# is HT-s9100 good enough for $1500?



## Max (Oct 16, 2009)

Glad to know u guys here. Im new here and im interested in onkyo ht-s9100. On amazon it is $850 while after the shipment to my country it will cost more than $1500. Do u still think it is good enough for the price? By the way, in my country, the Bose AM15 is about $1900 and the JBL Cs6100 is $850 with no receiver. Is s9100 still competitive to AM15 or CS6100?

My room size is 11 feet by 17 feet and the budget is $2200. Plz give me some advice.

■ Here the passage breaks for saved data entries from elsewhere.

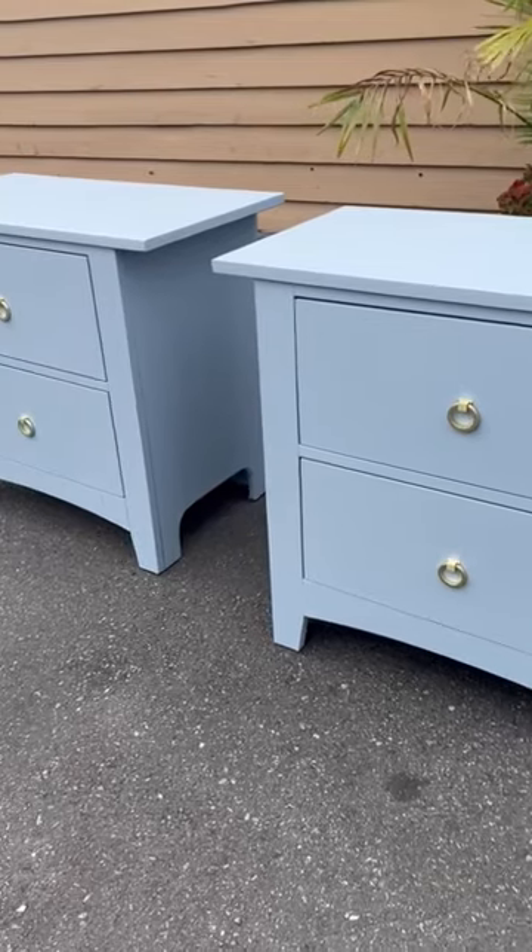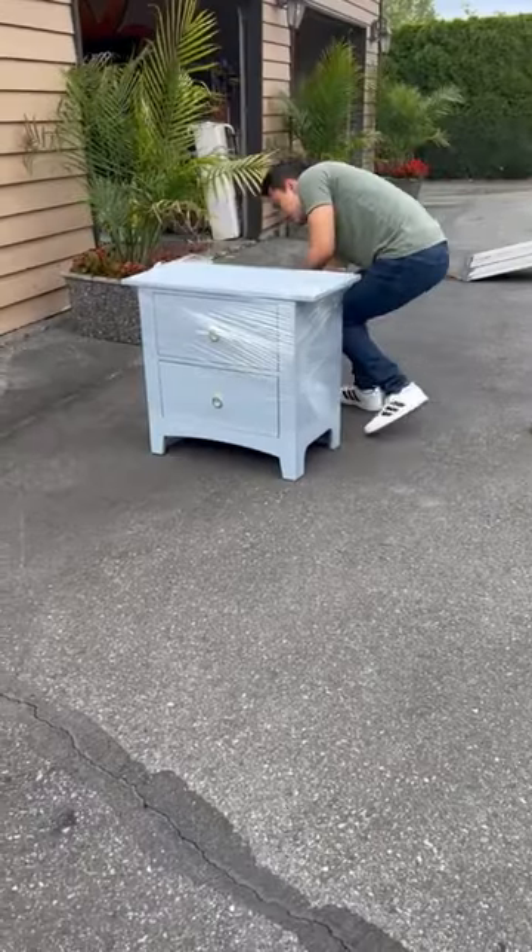Here they are all done right before the movers came and wrapped them up, put them in the truck, and off they went. See you next time!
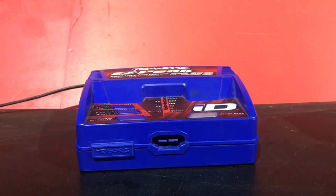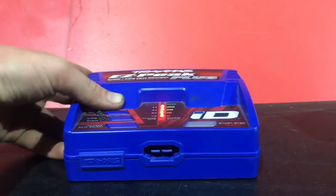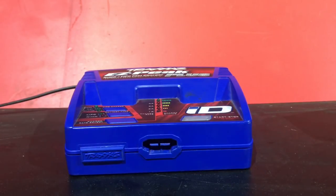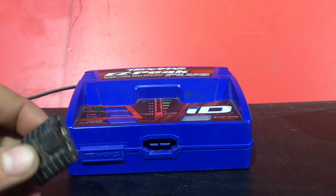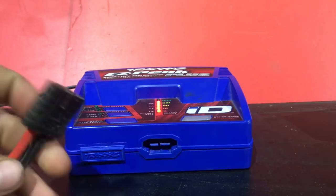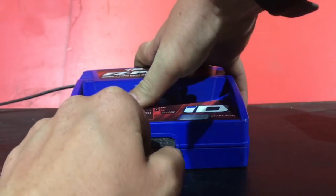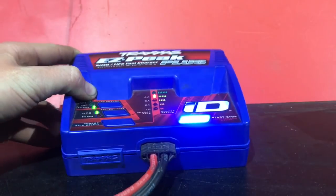Hello YouTube, what is up today? Today we'll be discussing a controversial subject — the Traxxas EasyPeak battery charger and why it does not charge regular batteries, or how do you charge regular batteries on it. As you can see, there is no balance port on this charger. Traxxas batteries use this thing called an ID connector which has a balance port inside it, and when you plug it in it tells the charger the charge rate and other settings, so it's a smart charger.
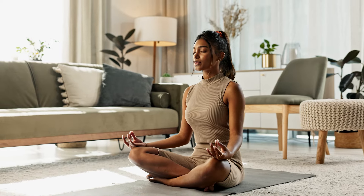Staying with the breath. And if the mind starts to wander, just bring it back to the rising and falling of the belly.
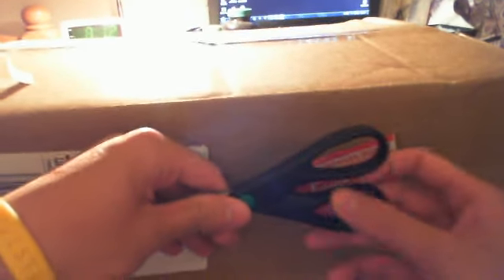Alright, I don't normally do unboxing videos, but this is the first one I'm going to do. I ordered a CamelBak camera back, and it just came today. Let's talk about the camera, guys.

Im looking forward to ur kind reply.:wave:

Best regards


----------



## Jungle Jack (Jul 28, 2009)

Hello,
If planning to stay on the Home Theater in a Box(HTIB) path, I would definitely pick the Onkyo over your other choices. The Onkyo is THX Certified, which is an absolute rarity in HTIB's.

Amongst many hardcore audio/video fans, Bose does not equate with good value or good sound. To many, it seems they spend more on advertising and litigation than they do on engineering and manufacturing.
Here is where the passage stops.